Pelosi’s appeal to due process mirrors the argument made by police brutality apologists, who insist that bad police officers cannot face any consequences absent a criminal conviction and/or an administrative review process where they have ample opportunity to appeal.
Pelosi confuses (deliberately or not) the right to due process before government with government’s ability to manage personnel and hold its own officials and representatives accountable.
Millions of taxpayer dollars have been spent on various settlements involving members of the House, information that is concealed from the public and even from House leadership. Such secrecy has nothing to do with due process.
Like the secrecy surrounding many of the problems with policing, it only reinforces the notion that membership in the House is a privilege that grants access to taxpayer money and the other powers of government.

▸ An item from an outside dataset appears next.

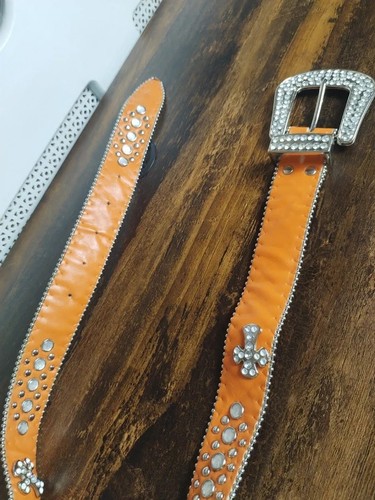 Orange rhinestone crucifix - orange,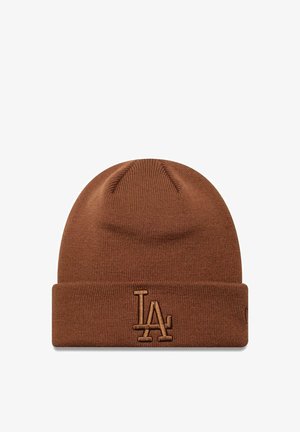 Brown knit beanie with a rolled cuff, featuring an embroidered "LA" logo in matching brown. Soft texture and snug fit.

This is not Conyers’ first House Ethics Committee investigation. He has previously been accused by staffers of forcing them to babysit his children and to participate in various political campaigns.

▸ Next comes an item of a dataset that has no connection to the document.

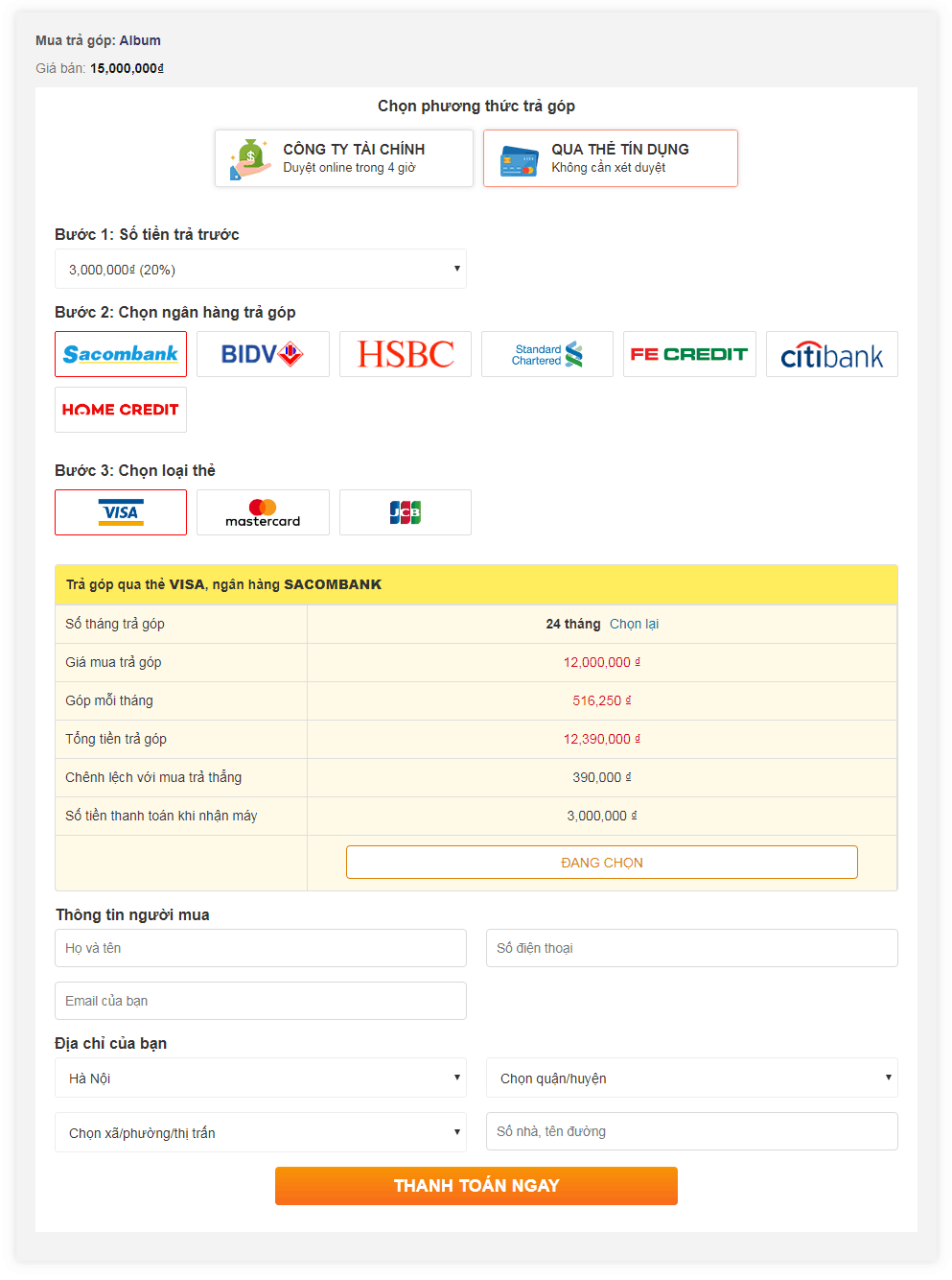 Plugin trả góp qua các công ty tài chính và Alepay cho Woocommerce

The committee decided that a public statement from them and an “agreement by Representative Conyers to take a number of additional, significant steps to ensure that his office complies with all rules and standards regarding campaign and personal work by congressional staff” sufficed to close the matter.
It’s hard to believe any significant steps were taken given Conyers’ continued treatment of staffers as his own personal property.
What’s remarkable about the Conyers situation and the defense of him by Democratic colleagues is just how low the stakes are. Conyers represents a heavily Democratic district, and unlike for Senate seats, governors don’t appoint replacements for the House. The fact that Michigan has a Republican governor is irrelevant. The margin of the majority in the House is wider than the Senate. Conyers is 88—there’s little he can do that a younger person in his seat couldn’t. In a body of 435 members no single member is indispensable.
The hypocrisy is stunning even for national politics. Democrats have spent several years insisting there was a war on women being waged by Republicans as well as pushing private organizations, from contractors to universities, to impose stricter standards on even the appearance of sexual impropriety.
Democrats have also argued consistently that colleges should apply lower standards of proof to discipline (and expel) students accused of sexual misconduct, yet worked to preserve a system where members of Congress had access to taxpayer money to arrive at settlements that permit them to avoid responsibility for misconduct of their own.
Were Conyers a college student, he would have much less protection than he has as one of the most powerful men in Washington. Given the intersection of power dynamics and sexual misconduct, from DC to Hollywood, that’s not the way it should be.
But it’s also not surprising. Powerful people claiming to speak for the powerless are more than willing to stomp on them to protect one another.